## Data listing
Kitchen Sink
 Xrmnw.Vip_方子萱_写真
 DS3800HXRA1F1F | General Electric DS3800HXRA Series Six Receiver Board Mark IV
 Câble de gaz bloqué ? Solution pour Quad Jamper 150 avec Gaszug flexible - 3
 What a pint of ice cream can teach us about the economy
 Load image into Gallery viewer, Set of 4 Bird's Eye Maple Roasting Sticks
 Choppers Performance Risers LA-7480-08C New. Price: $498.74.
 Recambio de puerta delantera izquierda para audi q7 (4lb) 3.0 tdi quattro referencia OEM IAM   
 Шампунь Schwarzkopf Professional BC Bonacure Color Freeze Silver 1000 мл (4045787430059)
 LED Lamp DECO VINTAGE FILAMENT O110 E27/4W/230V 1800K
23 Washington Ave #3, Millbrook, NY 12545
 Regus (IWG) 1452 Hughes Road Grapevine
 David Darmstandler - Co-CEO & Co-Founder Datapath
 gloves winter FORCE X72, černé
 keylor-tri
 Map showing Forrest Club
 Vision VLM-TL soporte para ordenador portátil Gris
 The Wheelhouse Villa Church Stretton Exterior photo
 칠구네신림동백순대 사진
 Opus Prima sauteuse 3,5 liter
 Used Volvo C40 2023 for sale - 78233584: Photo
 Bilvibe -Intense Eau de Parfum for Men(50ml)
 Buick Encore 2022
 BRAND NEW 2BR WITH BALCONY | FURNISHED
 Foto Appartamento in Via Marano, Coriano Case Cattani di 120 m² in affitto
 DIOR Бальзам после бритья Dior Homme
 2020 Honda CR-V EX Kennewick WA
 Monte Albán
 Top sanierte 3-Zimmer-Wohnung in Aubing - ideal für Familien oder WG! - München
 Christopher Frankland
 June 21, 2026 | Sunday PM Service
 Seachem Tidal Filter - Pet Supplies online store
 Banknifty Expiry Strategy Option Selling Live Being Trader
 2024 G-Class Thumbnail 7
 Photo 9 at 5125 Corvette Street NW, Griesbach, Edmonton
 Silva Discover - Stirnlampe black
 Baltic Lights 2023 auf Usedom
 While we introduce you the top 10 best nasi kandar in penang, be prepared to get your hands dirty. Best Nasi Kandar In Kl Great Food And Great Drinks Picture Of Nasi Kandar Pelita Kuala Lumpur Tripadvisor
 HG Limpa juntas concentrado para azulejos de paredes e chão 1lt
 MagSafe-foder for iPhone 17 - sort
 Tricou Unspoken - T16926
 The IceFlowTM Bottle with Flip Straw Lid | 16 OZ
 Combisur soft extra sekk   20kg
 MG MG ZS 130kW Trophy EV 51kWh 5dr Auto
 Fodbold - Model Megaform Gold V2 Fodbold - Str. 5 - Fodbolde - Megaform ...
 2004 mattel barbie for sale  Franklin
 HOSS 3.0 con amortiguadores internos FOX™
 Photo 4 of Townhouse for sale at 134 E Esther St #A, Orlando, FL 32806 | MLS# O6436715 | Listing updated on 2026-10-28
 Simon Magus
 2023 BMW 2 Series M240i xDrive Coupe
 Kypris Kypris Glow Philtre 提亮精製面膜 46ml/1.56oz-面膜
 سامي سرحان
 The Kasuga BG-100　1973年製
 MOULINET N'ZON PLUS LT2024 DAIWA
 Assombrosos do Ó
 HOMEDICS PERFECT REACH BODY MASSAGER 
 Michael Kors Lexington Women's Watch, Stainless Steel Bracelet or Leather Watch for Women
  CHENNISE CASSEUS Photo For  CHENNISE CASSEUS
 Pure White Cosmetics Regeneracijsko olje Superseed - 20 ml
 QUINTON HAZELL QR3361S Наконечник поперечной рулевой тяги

## Assigned task
Every entry should be reproduced exactly, with no part omitted.

## Task response
Kitchen Sink
 Xrmnw.Vip_方子萱_写真
 DS3800HXRA1F1F | General Electric DS3800HXRA Series Six Receiver Board Mark IV
 Câble de gaz bloqué ? Solution pour Quad Jamper 150 avec Gaszug flexible - 3
 What a pint of ice cream can teach us about the economy
 Load image into Gallery viewer, Set of 4 Bird's Eye Maple Roasting Sticks
 Choppers Performance Risers LA-7480-08C New. Price: $498.74.
 Recambio de puerta delantera izquierda para audi q7 (4lb) 3.0 tdi quattro referencia OEM IAM   
 Шампунь Schwarzkopf Professional BC Bonacure Color Freeze Silver 1000 мл (4045787430059)
 LED Lamp DECO VINTAGE FILAMENT O110 E27/4W/230V 1800K
23 Washington Ave #3, Millbrook, NY 12545
 Regus (IWG) 1452 Hughes Road Grapevine
 David Darmstandler - Co-CEO & Co-Founder Datapath
 gloves winter FORCE X72, černé
 keylor-tri
 Map showing Forrest Club
 Vision VLM-TL soporte para ordenador portátil Gris
 The Wheelhouse Villa Church Stretton Exterior photo
 칠구네신림동백순대 사진
 Opus Prima sauteuse 3,5 liter
 Used Volvo C40 2023 for sale - 78233584: Photo
 Bilvibe -Intense Eau de Parfum for Men(50ml)
 Buick Encore 2022
 BRAND NEW 2BR WITH BALCONY | FURNISHED
 Foto Appartamento in Via Marano, Coriano Case Cattani di 120 m² in affitto
 DIOR Бальзам после бритья Dior Homme
 2020 Honda CR-V EX Kennewick WA
 Monte Albán
 Top sanierte 3-Zimmer-Wohnung in Aubing - ideal für Familien oder WG! - München
 Christopher Frankland
 June 21, 2026 | Sunday PM Service
 Seachem Tidal Filter - Pet Supplies online store
 Banknifty Expiry Strategy Option Selling Live Being Trader
 2024 G-Class Thumbnail 7
 Photo 9 at 5125 Corvette Street NW, Griesbach, Edmonton
 Silva Discover - Stirnlampe black
 Baltic Lights 2023 auf Usedom
 While we introduce you the top 10 best nasi kandar in penang, be prepared to get your hands dirty. Best Nasi Kandar In Kl Great Food And Great Drinks Picture Of Nasi Kandar Pelita Kuala Lumpur Tripadvisor
 HG Limpa juntas concentrado para azulejos de paredes e chão 1lt
 MagSafe-foder for iPhone 17 - sort
 Tricou Unspoken - T16926
 The IceFlowTM Bottle with Flip Straw Lid | 16 OZ
 Combisur soft extra sekk   20kg
 MG MG ZS 130kW Trophy EV 51kWh 5dr Auto
 Fodbold - Model Megaform Gold V2 Fodbold - Str. 5 - Fodbolde - Megaform ...
 2004 mattel barbie for sale  Franklin
 HOSS 3.0 con amortiguadores internos FOX™
 Photo 4 of Townhouse for sale at 134 E Esther St #A, Orlando, FL 32806 | MLS# O6436715 | Listing updated on 2026-10-28
 Simon Magus
 2023 BMW 2 Series M240i xDrive Coupe
 Kypris Kypris Glow Philtre 提亮精製面膜 46ml/1.56oz-面膜
 سامي سرحان
 The Kasuga BG-100　1973年製
 MOULINET N'ZON PLUS LT2024 DAIWA
 Assombrosos do Ó
 HOMEDICS PERFECT REACH BODY MASSAGER 
 Michael Kors Lexington Women's Watch, Stainless Steel Bracelet or Leather Watch for Women
  CHENNISE CASSEUS Photo For  CHENNISE CASSEUS
 Pure White Cosmetics Regeneracijsko olje Superseed - 20 ml
 QUINTON HAZELL QR3361S Наконечник поперечной рулевой тяги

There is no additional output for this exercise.